Mike Durrett: CONFIDENTIAL

Weekend Hipsters

Friday
We saw Wendy Liebman perform at a club.

The stranger across our table saw me. It was creepy. She kept staring at me. I'm not used to that kind of attention. I was eating with my mouth closed. My legs were crossed. My nose was clean. The caribou antlers were in the car on the hat hook. My shirt of thorns was fashionably tucked under a quilted sweater of Bounce® Gentle Breeze dryer sheets, "all the softening and static control protection of Bounce® with a crisp, light freshness of clothes dried in a cool breeze," as promised by Procter and Gamble, who did not compensate me for this endorsement, ingrates. My chest tresses were professionally thatched. I don't know what she saw in me. Quit it, lady. She's still thinking about me. Quit it, I say!

Saturday
From the transcript of an actual conversation:
Wife: (Proud to be showing me a new white laundry basket with an indentation on one side for comfort when holding it next to the waist.) Look at what I bought. It's called ''The Hipster.'' I love it!
Mike: Well, I'll start making you some dirty clothes, then.
Sunday
At the multiplex, I watched "Along Came Polly," "Teacher's Pet," and 20 minutes of "Looney Tunes: Back in Action." Meanwhile, Donna beheld "The Lord of the Rings: The Return of the King."
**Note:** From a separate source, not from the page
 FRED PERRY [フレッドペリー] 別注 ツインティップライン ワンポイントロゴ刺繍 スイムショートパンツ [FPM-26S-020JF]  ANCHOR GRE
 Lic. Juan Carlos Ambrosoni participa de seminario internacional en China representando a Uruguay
I couldn't endure her movie. I enjoyed the LOTR trilogy up until those stoopid walking, talking trees in part two. What's with that H. R. Pufnstuf junk? Where's Witchiepoo? Sheesh, I exited the Frodo flick never to return.

I insist films be realistic, like, say, "Teacher's Pet." It's about a dog who wishes to become a human boy, except the mad doctor fails to adjust for dog years, so the mutt is transformed into an adult. That's logical. The numbers add up. I'm a man of science.